The solution we decided on is to make jiraph's IOValue be a function taking as input a read function, and returning an "actualized IOValue", which we define as a vector (not seq) of maps defining actions (structure of this map discussed later). These actualized IOValues cannot be composed or otherwise fiddled with: the composition operations must happen while they are in the "latent" stage, as a function of read.
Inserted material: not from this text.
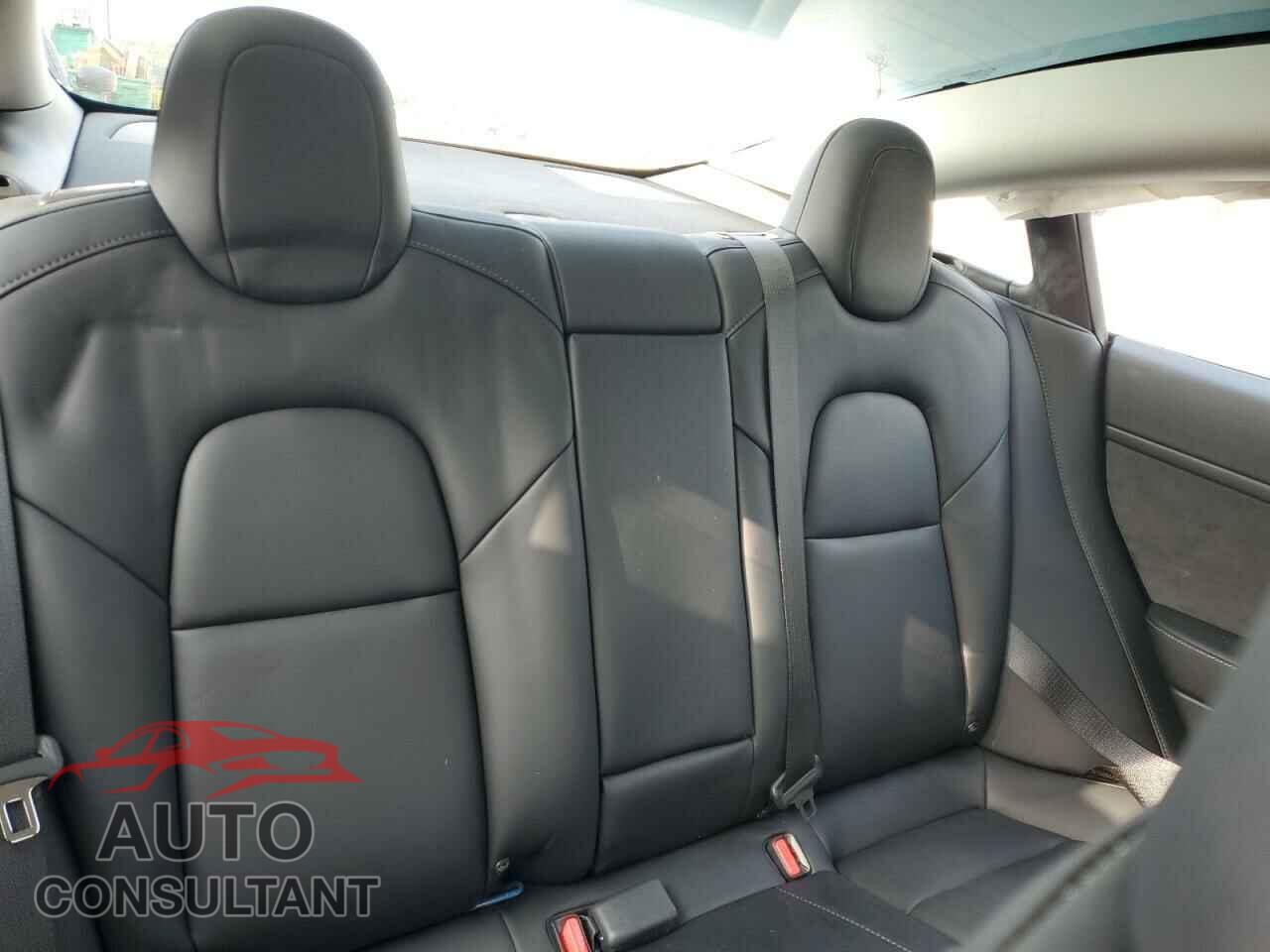 TESLA MODEL 3 2023 - 5YJ3E1EB4PF390885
The items in this vector of maps may not be executed exactly in sequence (after conversion to Retro IOValues, they will be "batched", one transaction per layer), but the read function will return a view of the graph as if they were executed in sequence.

Actualized IOValue

As mentioned previously, we introduced a new "type", a jiraph-specific analogue to the Retro IOValue. It is more transparent, so that more useful operations can be performed on it before actually committing changes to the database mutably. Specifically, each entry in the vector is a map with the following keys:

:write: A function that receives a Layer object (set at the correct revision for writing), and should write changes to the backing store.
:wrap-read: A function accepting a read function and returning a new read function that incorporates the changes written by this action.
:layer: The layer on which this action will cause changes.
(optional) :keyseq, :f, :args: The action that this update is intended to perform, as arguments to update-in. These keys are not used, but may be useful for debugging or inspection.

Implementation notes

advance-reader takes a read function and an actualized iovalue (recall, a vector of maps), and returns a new read function with all of the actions applied. It is primarily used in the implementation of compose, but is also useful for constructing more complicated actions, such as the top-level-indexer example, which uses advance-reader to read both before and after the "primary" update and see if a change is needed in the index layer. This is an improvement over simply composing three separate actions and composing them normally, because we can pretend they are being done in a different order than they actually are, and we can also avoid having to create a Retro IOValue that will eventually become a no-op.

read-wrapper depends on the same? function to determine whether the layer being read is the one that has been written to. It will need to be a new protocol function, probably in Layer. We can't simply compare layers by equality, because they'll be at different revisions, and may have other changes as well.

Caution must be used when creating the :wrap-read key to not use the read function they already have in scope, instead returning a functon that accepts a new, possibly-unrelated read function. This should be easy enough, since read-wrapper handles all of the difficult work, but someone implementing :wrap-read by hand might accidentally use the lexically-available read function.